**What to do**
Would you return the lines between the one holding "杨方线上配资股票阿博特宣布该州中部地区 14 个县进入灾难状态" and the one holding "Adaptability • What/who", inclusive, and only those, exactly as they stand in the listing below?

**Available records**
※

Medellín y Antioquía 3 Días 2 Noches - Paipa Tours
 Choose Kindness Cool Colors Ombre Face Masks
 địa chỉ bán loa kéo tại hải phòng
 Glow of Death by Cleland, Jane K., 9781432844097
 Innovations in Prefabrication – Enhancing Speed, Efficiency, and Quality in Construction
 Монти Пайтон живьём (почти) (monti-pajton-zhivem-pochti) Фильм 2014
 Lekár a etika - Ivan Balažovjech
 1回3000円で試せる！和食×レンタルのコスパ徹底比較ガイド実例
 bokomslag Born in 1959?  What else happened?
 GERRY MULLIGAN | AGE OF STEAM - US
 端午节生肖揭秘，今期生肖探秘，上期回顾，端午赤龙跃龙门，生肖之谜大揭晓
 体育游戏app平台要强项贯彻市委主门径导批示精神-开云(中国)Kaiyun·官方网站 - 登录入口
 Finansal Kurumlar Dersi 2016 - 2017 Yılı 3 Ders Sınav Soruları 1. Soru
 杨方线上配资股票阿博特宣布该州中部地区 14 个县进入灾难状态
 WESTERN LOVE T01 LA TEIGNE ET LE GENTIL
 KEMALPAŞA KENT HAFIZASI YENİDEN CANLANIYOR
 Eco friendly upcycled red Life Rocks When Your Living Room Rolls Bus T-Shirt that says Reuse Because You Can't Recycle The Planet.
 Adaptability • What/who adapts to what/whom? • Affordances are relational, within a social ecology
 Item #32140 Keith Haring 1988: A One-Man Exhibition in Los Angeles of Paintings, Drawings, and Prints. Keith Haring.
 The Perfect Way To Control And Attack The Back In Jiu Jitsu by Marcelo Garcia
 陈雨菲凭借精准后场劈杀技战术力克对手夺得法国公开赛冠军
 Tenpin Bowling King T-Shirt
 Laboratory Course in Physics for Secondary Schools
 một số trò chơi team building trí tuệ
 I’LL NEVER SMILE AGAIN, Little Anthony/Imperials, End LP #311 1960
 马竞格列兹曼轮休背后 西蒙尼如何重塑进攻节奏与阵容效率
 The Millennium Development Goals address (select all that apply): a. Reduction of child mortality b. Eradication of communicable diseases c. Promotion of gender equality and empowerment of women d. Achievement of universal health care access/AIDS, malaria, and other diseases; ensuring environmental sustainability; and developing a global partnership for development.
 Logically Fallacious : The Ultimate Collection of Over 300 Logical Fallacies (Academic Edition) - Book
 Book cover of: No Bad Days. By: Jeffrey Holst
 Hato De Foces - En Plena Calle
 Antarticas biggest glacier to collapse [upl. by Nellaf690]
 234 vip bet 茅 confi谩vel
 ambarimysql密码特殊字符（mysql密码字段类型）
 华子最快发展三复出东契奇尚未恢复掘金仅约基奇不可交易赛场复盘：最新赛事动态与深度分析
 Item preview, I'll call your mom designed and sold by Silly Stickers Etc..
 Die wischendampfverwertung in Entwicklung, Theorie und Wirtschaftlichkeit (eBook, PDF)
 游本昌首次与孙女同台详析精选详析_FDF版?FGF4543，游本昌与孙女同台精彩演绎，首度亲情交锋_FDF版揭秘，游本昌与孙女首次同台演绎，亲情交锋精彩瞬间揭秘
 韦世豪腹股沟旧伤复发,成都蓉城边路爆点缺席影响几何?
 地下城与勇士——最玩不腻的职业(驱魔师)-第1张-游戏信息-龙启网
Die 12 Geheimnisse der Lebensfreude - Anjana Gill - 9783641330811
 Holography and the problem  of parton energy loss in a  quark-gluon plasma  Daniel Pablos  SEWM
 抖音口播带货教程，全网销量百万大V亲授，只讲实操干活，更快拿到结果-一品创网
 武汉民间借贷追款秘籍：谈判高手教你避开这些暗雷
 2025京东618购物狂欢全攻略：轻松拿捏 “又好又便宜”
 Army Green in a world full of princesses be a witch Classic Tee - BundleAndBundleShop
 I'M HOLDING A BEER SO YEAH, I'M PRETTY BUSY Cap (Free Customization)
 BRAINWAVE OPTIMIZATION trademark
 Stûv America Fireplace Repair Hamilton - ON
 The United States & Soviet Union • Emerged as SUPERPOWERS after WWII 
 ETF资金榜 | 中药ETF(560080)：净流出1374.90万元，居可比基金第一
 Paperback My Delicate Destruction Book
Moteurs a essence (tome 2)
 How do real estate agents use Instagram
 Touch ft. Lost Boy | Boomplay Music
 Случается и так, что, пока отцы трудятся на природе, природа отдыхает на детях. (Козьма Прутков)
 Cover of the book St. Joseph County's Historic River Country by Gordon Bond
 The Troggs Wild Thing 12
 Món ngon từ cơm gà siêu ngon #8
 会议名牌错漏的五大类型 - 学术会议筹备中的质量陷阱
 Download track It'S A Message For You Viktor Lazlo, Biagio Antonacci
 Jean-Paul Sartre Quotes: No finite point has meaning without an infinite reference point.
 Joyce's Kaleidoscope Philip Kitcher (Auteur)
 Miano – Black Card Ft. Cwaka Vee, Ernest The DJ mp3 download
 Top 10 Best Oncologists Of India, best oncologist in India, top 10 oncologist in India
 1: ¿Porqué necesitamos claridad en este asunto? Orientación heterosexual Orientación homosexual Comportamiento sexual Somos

※

**Your response**
 杨方线上配资股票阿博特宣布该州中部地区 14 个县进入灾难状态
 WESTERN LOVE T01 LA TEIGNE ET LE GENTIL
 KEMALPAŞA KENT HAFIZASI YENİDEN CANLANIYOR
 Eco friendly upcycled red Life Rocks When Your Living Room Rolls Bus T-Shirt that says Reuse Because You Can't Recycle The Planet.
 Adaptability • What/who adapts to what/whom? • Affordances are relational, within a social ecology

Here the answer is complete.